Start of EXTRACTED MATERIAL
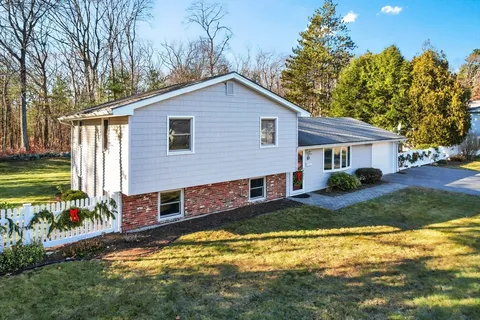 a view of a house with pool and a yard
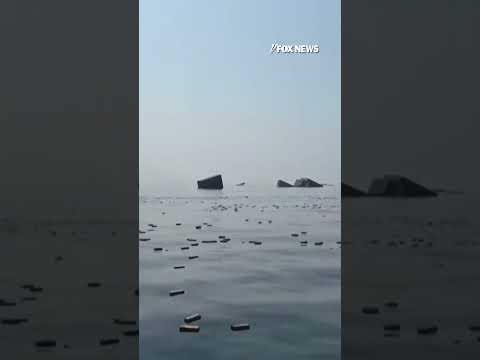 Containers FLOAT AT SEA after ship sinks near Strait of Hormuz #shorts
End of EXTRACTED MATERIAL
Start of EXTRACTED MATERIAL
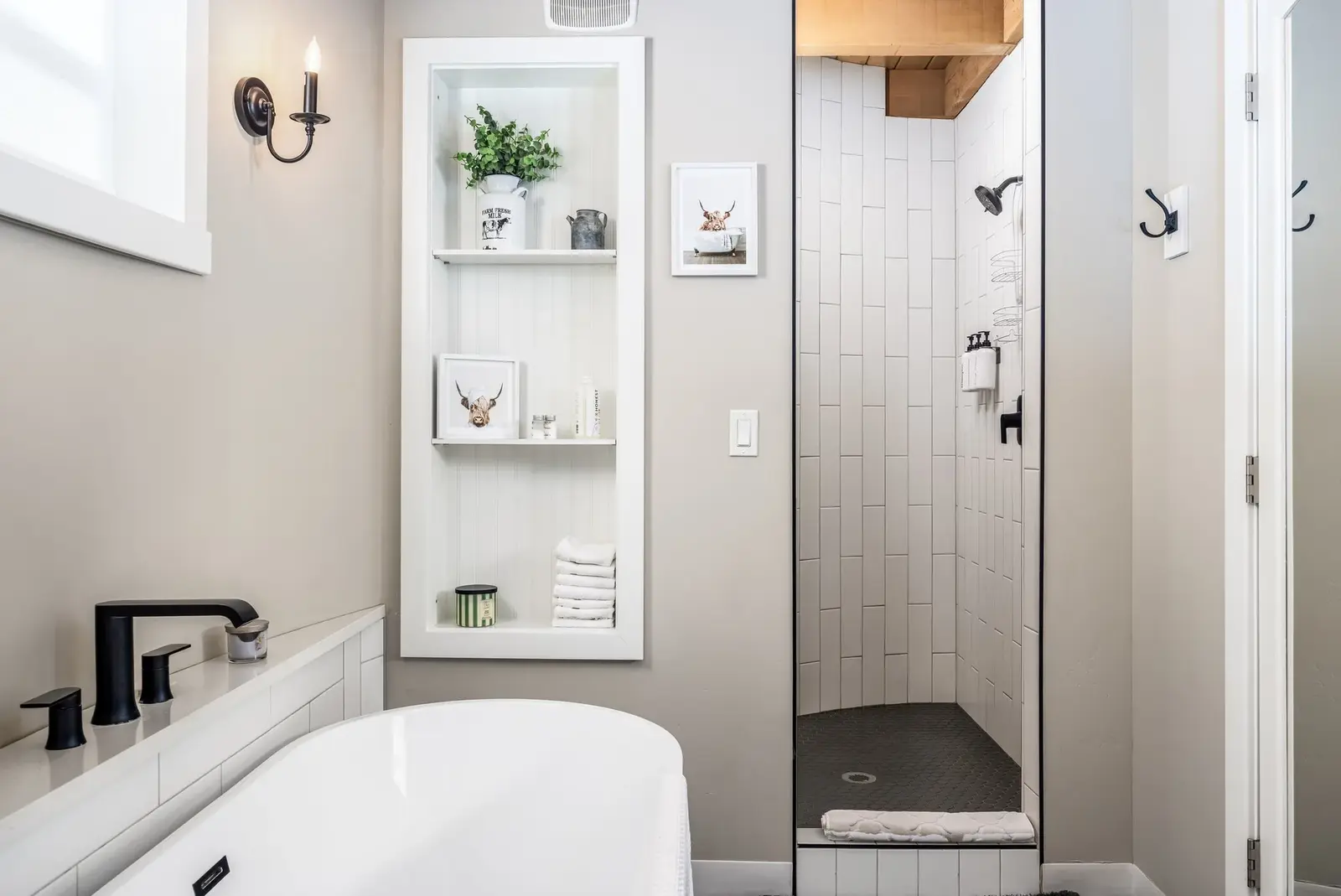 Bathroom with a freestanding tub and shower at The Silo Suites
End of EXTRACTED MATERIAL
WHAT YOU ARE ASKED TO DO: Output exactly, and only, the lines of the entries above from the one with "a view of a house with pool and a yard" up to and including the one with "Containers FLOAT AT"; pictures are to be left out.

SOLUTION TO THE EXERCISE:
 a view of a house with pool and a yard
 Containers FLOAT AT SEA after ship sinks near Strait of Hormuz #shorts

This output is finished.